Authors: Martha Hall Findlay and Marla Orenstein
Over the past few months, the Canada West Foundation has undertaken a deep analysis of Bill C-69. We have published our final list of recommended amendments, as well as an analysis of the jurisprudence that supports federal decision-making on project approvals, in our report, Bill C-69: We can get this right.
One issue has emerged above all others as critically important to get right: ensuring that the new legislation does not undermine the jurisprudence that has been established around project approvals – which would lead to unnecessary additional court challenges, add years between regulatory approval and project commencement, cost millions of both public and private dollars, and create a climate of uncertainty, in which investors and industry cannot be confident that “yes” means “yes.”
The solution is radical, but simple: keep the project approval function within an improved National Energy Board.
Bill C-69 would, among other things, replace the National Energy Board (NEB) with a new Canadian Energy Regulator, and shift the project review and approval process for major pipeline and transmission lines to the new Impact Assessment Agency, under the processes laid out under the proposed new Impact Assessment Act (IA Act).
Although we support the intentions of Bill C-69, this aspect would be a huge mistake.
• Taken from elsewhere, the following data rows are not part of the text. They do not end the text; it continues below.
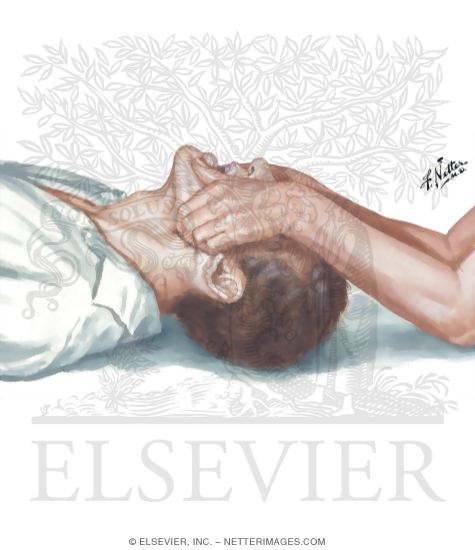 Watermarked preview of unlabeled image: Airway, Supplemental Method: Jaw Thrust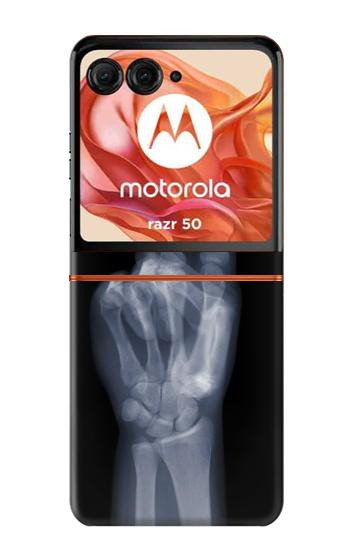 S3101 X-ray Peace Sign Fingers Case For Motorola Razr 70,60,50, Razr (2026, 2025, 2024)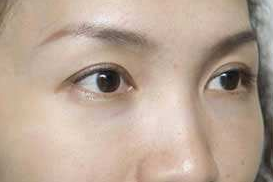 超 声 波去眼袋让wǒ收获le很多很多 超 声 波去眼袋让wǒ收获le很多很多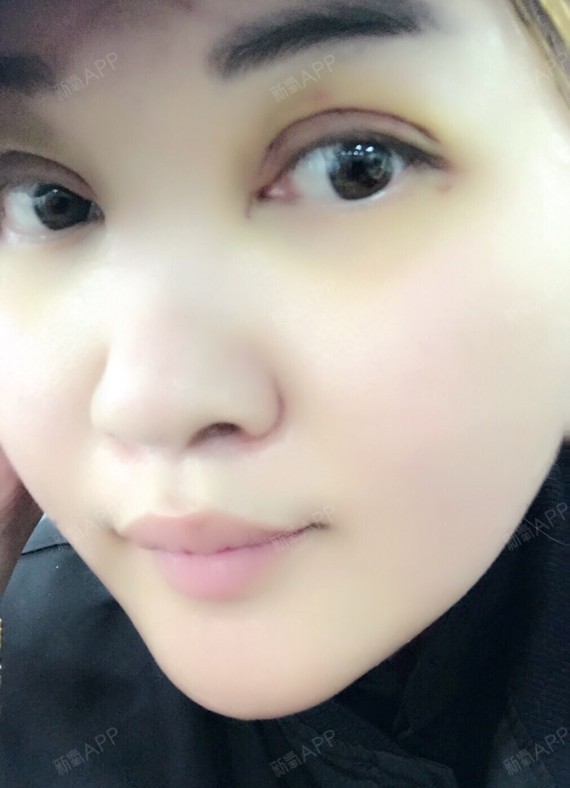 全切双眼皮术后第5天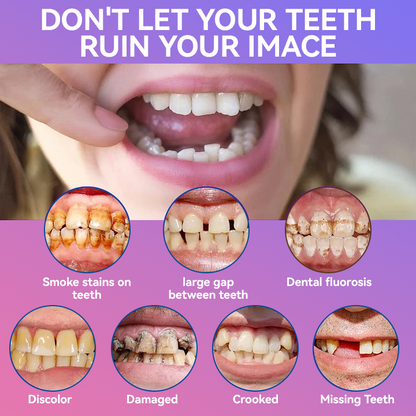 𝐉𝐚𝐬𝐬𝐞𝐞𝐦® Latest Premium Comfort Dentures🎁 (High-End Dentures, Easy to Wear - Limited Time 70% Discount)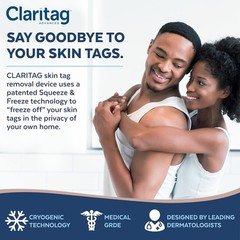 Effective Skin Tag Remover – Cryogenic Freeze-Off – Smooth Skin in 7-14 Days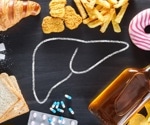 Consuming ultra-processed foods is associated with an increased risk of developing non-alcoholic fatty liver disease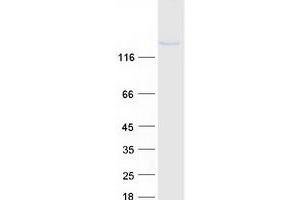 Validation with Western Blot (RGS3 Protein (Transcript Variant 4) (Myc-DYKDDDDK Tag))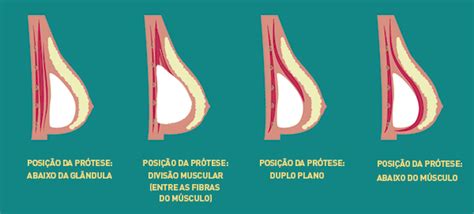 Qual a posição ideal dos implantes de silicone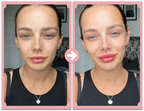 Poutify Lip Plumping Booster Kit Plus Edition For Fuller Lips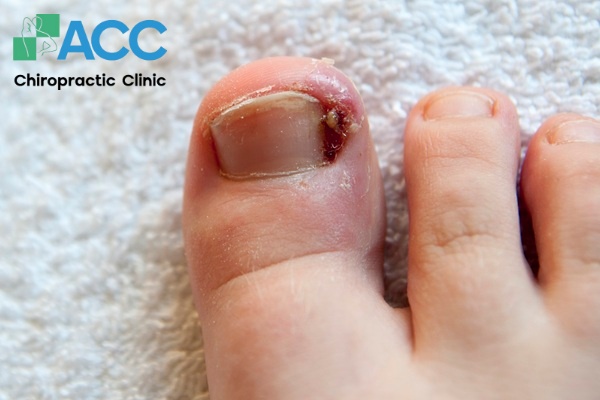 ngón chân cái bị đau nhức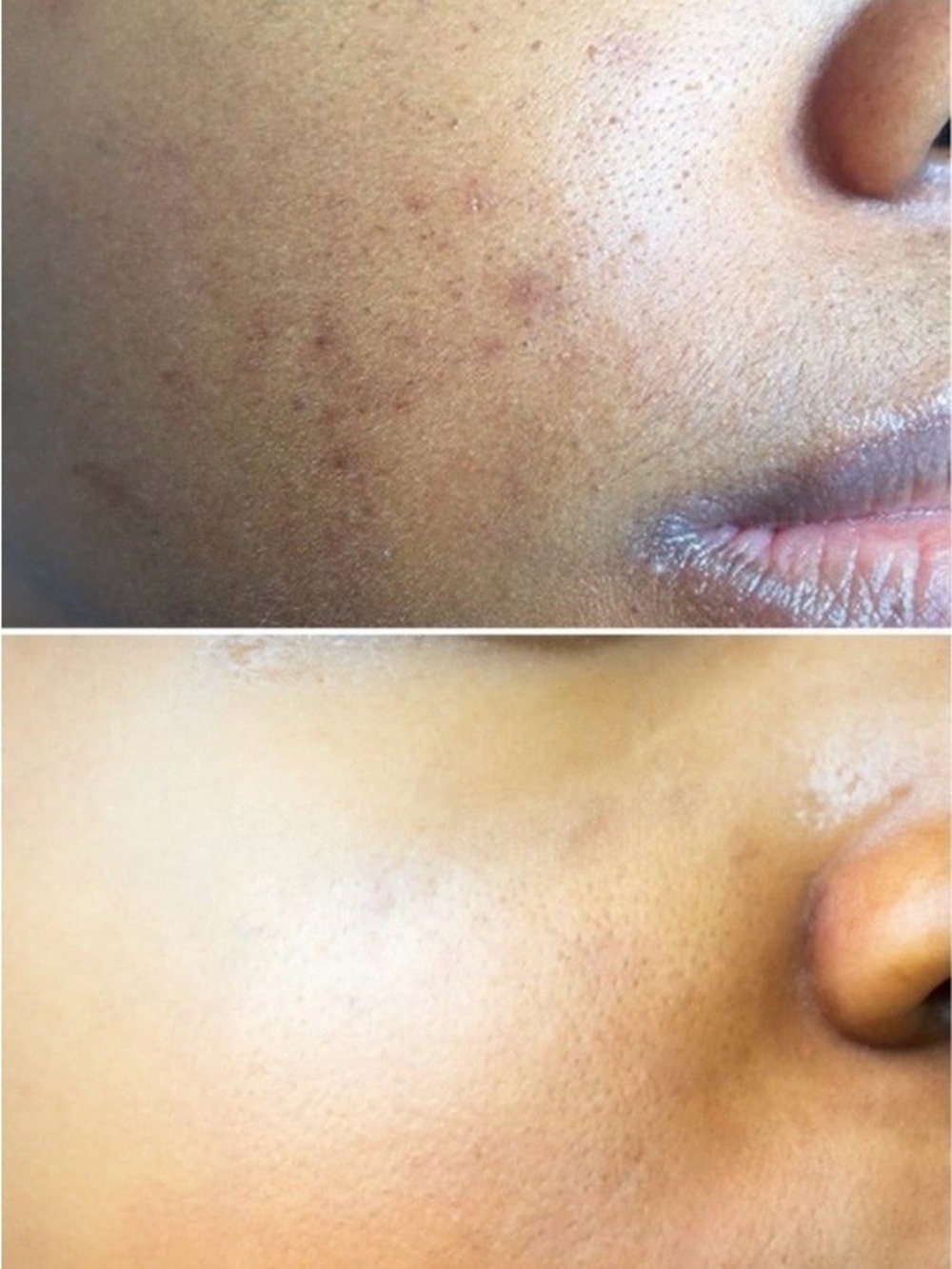 Prédiré Paris Triple Acting Facial Cleansing Scrub - Picture 4 of 5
Not only is this approach unnecessary (the required improvements to the NEB can be accomplished separately) – the unintended consequences would be disastrous.
The biggest cause of delays in getting major energy projects built has not been regulatory timeframes, but court challenges. Yet we have finally achieved a significant level of jurisprudential certainty and approval. Throwing out the NEB now, along with its well-established, extensively court-reviewed process, will also throw out that hard-earned jurisprudential certainty. A new, untested process will take the whole system right back to square one in terms of court challenges. Opposition via the courts would start all over again, leading to years of additional and unnecessary delay for any major pipeline or any major electricity transmission line, and a whole new climate of uncertainty for investment.
Most damaging is that this change to the process used for project review and the loss of the associated jurisprudence would be irreversible – which is why this key change to Bill C-69 is so important.
Some environmental activists may cheer the lack of pipelines, but electricity from renewable sources such as wind and solar will require transmission, and large transmission lines are just as subject to NIMBYism and protests – in some cases more so because they are so large and visible. The NEB is the regulator for large transmission lines – and losing the court endorsement of the NEB process means that they will be challenged too – with the ironic, unintended effect of significantly setting back renewable energy production. No one wins if this happens.
The NEB needs to be modernized and improved. But we must NOT replace the whole process that has been through years of court review, analysis and approval.
The changes needed to the NEB should instead be made by amending the National Energy Board Act. These amendments can incorporate the improvements regarding independence, governance and transparency that are currently found in Part 2 of Bill C-69. To accomplish this, the CER Act (Part 2) needs to be removed from Bill C-69, and some corresponding changes made to the rest of the bill.
The regulator’s name can even be changed to the Canadian Energy Regulator if desired. And the changes can start right away, with a new bill introduced that fulfills the government’s promise to modernize the National Energy Board.
Radical, but simple – and effective.